There’s a lot of talk in global-regulatory circles about doing something sometime about “shadow banks” – essentially unregulated wolves in regulated-bank clothing. But, an unusual ad in the Wall Street Journal took us to an entity that, while a regulated U.S. banking organization, howls at the moon. For all the excoriation of big banks now the rage, small fry can still pose big, real risk. Why? For risky small banks – as with big ones tempted to go astray — leverage rules miss the point and compliance with all the legal activity restrictions of a banking charter does nothing to constrain high-flying financial fun and games.

We came upon this shadow bank within a bank when a full-page Journal ad in a striking deep blue captured our attention on Wednesday. In it, a company distinguished only by its initials – CXA Corporation – asked all comers to call it for rep and warrant violations on subprime MBS listed in the ad. At first, we thought the nondescript moniker for the MBS older was a new disguise for a tort lawyer. But, pressing on, we found it’s actually a subsidiary of a banking organization, Beal Bank. This isn’t a tiny little insured depository looking for some quick cash in a wholly non-traditional way. Instead, it’s a BHC that owns two banks – one perhaps conveniently in Las Vegas and the other in Big D, little A, double L, AS (Dallas). Together, the state-regulated banks come in neatly below $10 billion in assets, a ceiling its parent is sure to keep them under to avoid the added scrutiny that comes with size.

Do these two insured depositories make the kind of loans that built Bedford Falls? Not exactly. From what we can tell from perusal of the bank’s public releases, the two institutions promise “aggressive, competitive” prices for purchasing loans and other investments from anyone who wants to sell. They also promise depositors across the country higher-than-market rates, conveniently providing a place for you to give them your zip code to learn how much the banks will pay for your insured funds. The parent and/or the banks are also affiliated with several not-so-traditional affiliates, including one involved in commercial real-estate purchases that describes itself as a “hedge fund.” Yoohoo, Mr. Volcker.

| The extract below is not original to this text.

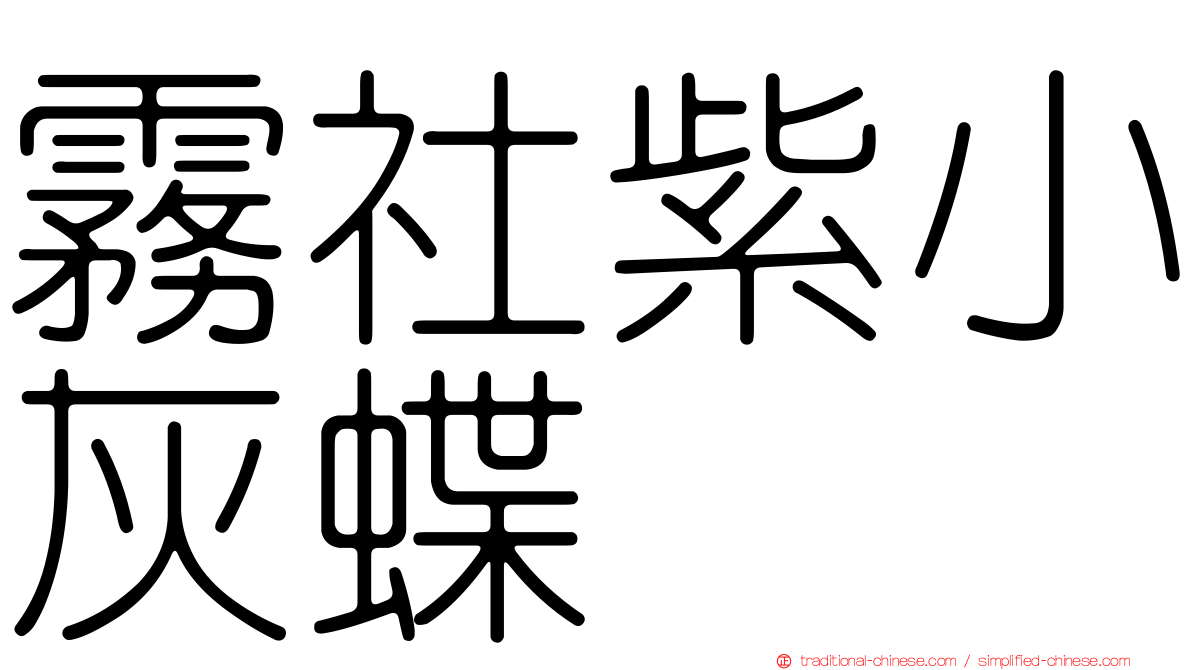 霧社紫小灰蝶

Perhaps because this business plan raises an eyebrow, the website backs its offer to take your money with a promise that the banks are highly-capitalized. On a nominal basis, this may well be true. On a risk-based one, I doubt it. What’s the right amount of regulatory capital for holding the tranches in junk MBS the bank, through its affiliate, wants to buy? The four percent leverage rule now applicable, backed by the only slightly higher regulatory capital for these tranches? The Brown-Vitter fifteen percent leverage rule? Or, perhaps, the dollar-for-dollar capital Basel III would impose – a risk-based rule abhorred by advocates of simple banking even though, as this case suggests, leverage lets loose a whole lot of risk even in small banks.

Not only are these banks seemingly well-capitalized despite all their risk, but they’re also well within the borders of their banking charters, doing nothing beyond the “hedge fund” that would be banned were Glass-Steagall resurrected. Dallas’ Richard Fisher and many others have tried to reform banking by walling off banks from their high-flying friends, but a look inside banks like the ones noted above makes clear that barring inter-affiliate transactions or pulling back the safety net from a non-bank does little to reduce real risk in loads of banks.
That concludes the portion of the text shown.